Posted on April 12, 2010April 9, 2010 by News Health

Cucumber Soup

Ingredients

* 2 cucumbers
* 2 tablespoons thinly sliced green onion
* 2 tablespoons margarine
* 1 tablespoon red wine vinegar
* 4 cups chicken broth
* 1 tablespoon farina
* salt to taste
* 1/8 tablespoon dried tarragon
* 1/2 cup sour cream
* 3 tablespoons chopped fresh parsley

Directions

1. Peel, seed, and chop 2 cucumbers.
2. Cook the chopped scallions in the margarine until soft. Add the chopped cucumbers and the wine vinegar. Pour in the broth, and stir in the farina. Salt to taste, and add tarragon. Let the soup simmer for 20 minutes, or until the cucumbers are soft.
3. Put the soup into a blender, and puree it.
4. Pour the puree into a bowl, and whisk in the sour cream. Taste the soup for seasoning. Pour the soup into bowls, and garnish with cucumber slices and chopped parsley.

Zucchini Soup

Ingredients

* 2 tablespoons margarine
* 2 onions, chopped
* 2 potatoes, peeled and diced
* 8 zucchinis, chopped
* 1/4 teaspoon dried thyme
* 1/4 teaspoon dried rosemary
* 1/2 teaspoon dried basil
* 1/4 teaspoon ground white pepper
* 4 cups chicken broth
* 1 cup whole milk
* 1/4 cup dry potato flakes
* 1 tablespoon soy sauce
* 4 tablespoons chopped fresh dill weed

Directions

1. In a large frying pan, melt butter or margarine; add onion and saute until translucent. Add diced potato, zucchini, thyme, rosemary, basil, and white pepper, and cook for 5 minutes.
2. In a medium-sized cooking pot, add broth and bring to boil. Add zucchini/potato mixture; reduce heat and simmer about 15 minutes.
3. When cooked, puree in food processor or blender in batches. Return to cooking pot, add milk and bring just to boil, but do not boil. Add instant mashed potato flakes and soy sauce and stir well. Adjust seasonings to taste. Garnish with dill weed. Soup may be served hot or chilled.

Avocado Soup

Ingredients

* 2 avocado – peeled, pitted and diced
* 1 tablespoon chopped shallots
* 1 tablespoon olive oil
* 2 cups chicken stock
* 1 cup heavy cream
* salt and pepper to taste
* 1/4 teaspoon ground nutmeg
* 1 tomato – peeled, seeded and diced

Directions

1. Puree avocado in a blender or food processor until smooth. Sautee chopped shallots in olive oil until tender but not brown; set aside to cool.
2. In a large bowl, whisk together avocado with chicken stock, heavy cream and shallots until smooth.
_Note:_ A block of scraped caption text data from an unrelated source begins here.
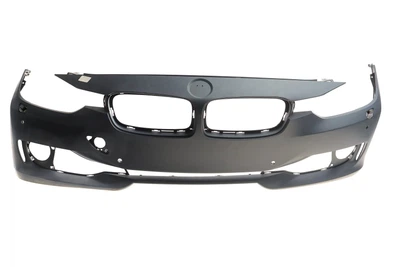 Бампер передній AUTOTECHTEILE 707 5194 BMW F30, F31 51117292998, 51117292999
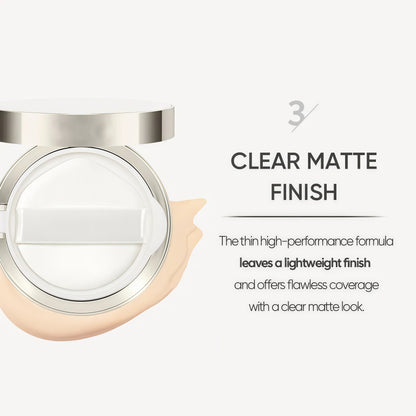 Ultimate Cover Cushion  SPF38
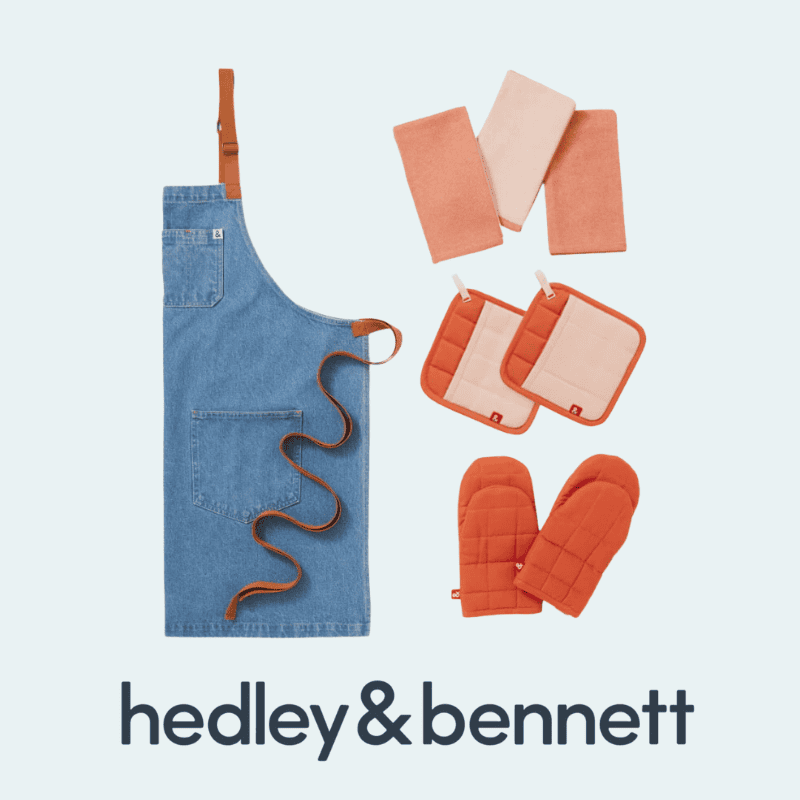 Hedley and Bennett.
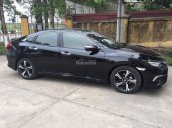 Bán Honda Civic 1.5L Vtec Turbo đời 2017, xe nhập nguyên chiếc mới 100%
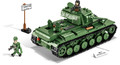 Cobi Blocks KV-1 656pcs 9+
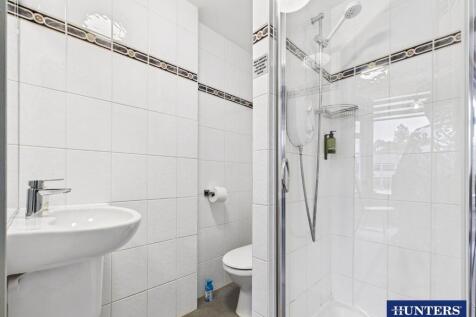 Guest Room Two &amp; Ensuite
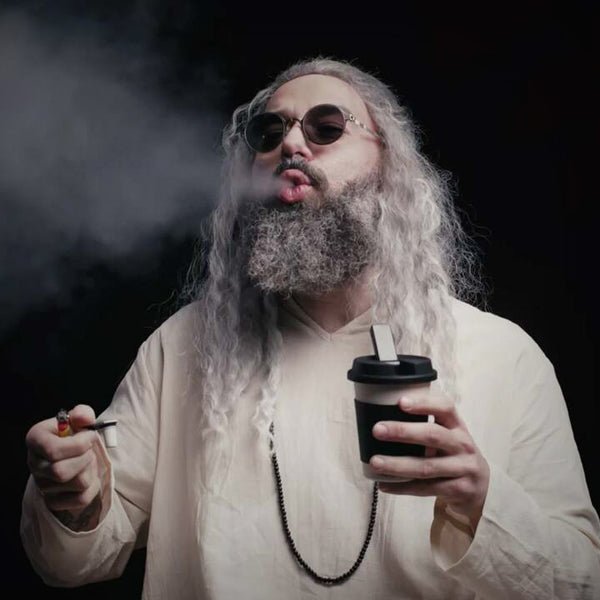 Coffee Cup Bubbler: The Puffco Cupsy - Last Chance! by Puffco | Bongs & Waterpipes | 421Store online smoke shop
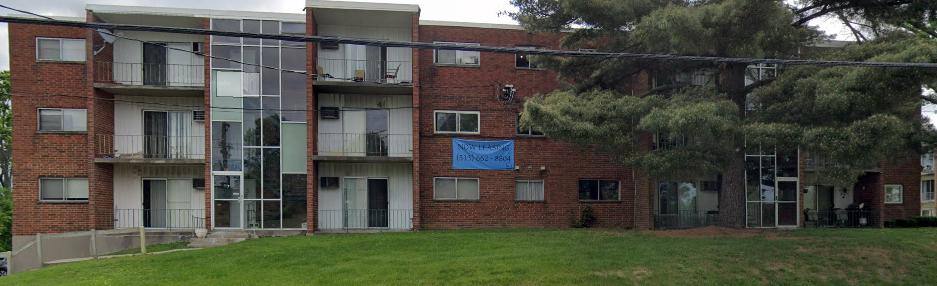 Apartment for rent at 620 Pedretti Ave #C1, Cincinnati, OH 45238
Stir in salt, pepper and nutmeg; adjust seasonings to taste.
3. Chill for at least half an hour before serving. Garnish with diced tomato.

Creamed Broccoli Soup

Ingredients

* 3 tablespoons butter
* 1 onion, chopped
* 4 large carrots, chopped
* 1 clove garlic, chopped
* 4 cups water
* 4 tablespoons chicken bouillon powder
* 1 pound fresh broccoli florets
* 2 cups half-and-half
* 3 tablespoons all-purpose flour
* 1/4 cup ice water
* 1 tablespoon soy sauce
* 1/2 teaspoon ground black pepper
* 1/4 cup chopped parsley

Directions

1. Melt butter in a saucepan over medium heat; add chopped onions, carrots, and garlic, and cook for 5 minutes, stirring occasionally until softened.
2. In a medium-sized cooking pot, add 4 cups water and chicken bouillon granules and bring to boil. Add precooked onion mixture to soup pot. Add broccoli florets, reserving a few pieces to be added near the end of cooking time. Reduce heat and simmer, covered, for 15 to 20 minutes or until broccoli is just tender.
3. In a blender or food processor, puree soup in batches and return to pot. Stir in half and half cream and remaining broccoli florets.
4. In a cup, mix flour with 1/4 cup cold water to form a thin liquid.
5. Bring soup to boil; add flour mixture slowly, stirring constantly to thicken soup as desired. Add soy sauce, black pepper, and stir well. Garnish with chopped parsley (or carrot curls) when serving. Serve soup hot or cold.

Green Pea and Mint Soup

Ingredients

* 4 tablespoons butter
* 4 green onions, chopped
* 1 pound frozen or fresh green peas
* 2 1/2 cups vegetable broth or stock
* 3 tablespoons chopped fresh mint leaves
* 2 1/2 cups milk
* salt and freshly ground black pepper to taste
* 1 pinch white sugar (optional)
* 1/2 cup light whipping cream
* 2 sprigs fresh mint leaves for garnish

Directions

1. Melt butter in a large saucepan or Dutch oven over low heat. Add the 4 chopped green onions, and cook until softened, but not brown. Stir in the peas, vegetable stock, and 3 tablespoons of chopped fresh mint. Increase heat to medium, and bring to a boil. Reduce heat back to low, cover, and let simmer for about 30 minutes. If you are using frozen peas, 15 minutes is enough.
2. Using a large slotted spoon, remove about 3 tablespoons of the peas, and set aside for garnish. Pour the soup into a blender or food processor along with the milk, and puree until smooth. Season with salt and pepper to taste. Throw in a pinch of sugar if desired. Allow the soup to cool to room temperature, then refrigerate until chilled.
3. Pour the soup into 4 serving bowls. Swirl 1 tablespoon of light cream into each one, then garnish with reserved peas and sprigs of mint.

Swan’s Summer Soup

Ingredients

* 4 large tomatoes
* 1 avocado – peeled, pitted and diced
* 1/2 cup fresh corn kernels
* 2 tomatoes, diced
* 1/4 cup chopped fresh cilantro
* 1 tablespoon fresh lemon juice
* salt and pepper to taste

Directions

1. Using a juicer, extract the juice of the 4 large tomatoes.
2. In a medium bowl combine the tomato juice, avocado, corn, 2 diced tomatoes, cilantro, and lemon juice. Season to taste with salt and pepper. Transfer to serving bowls.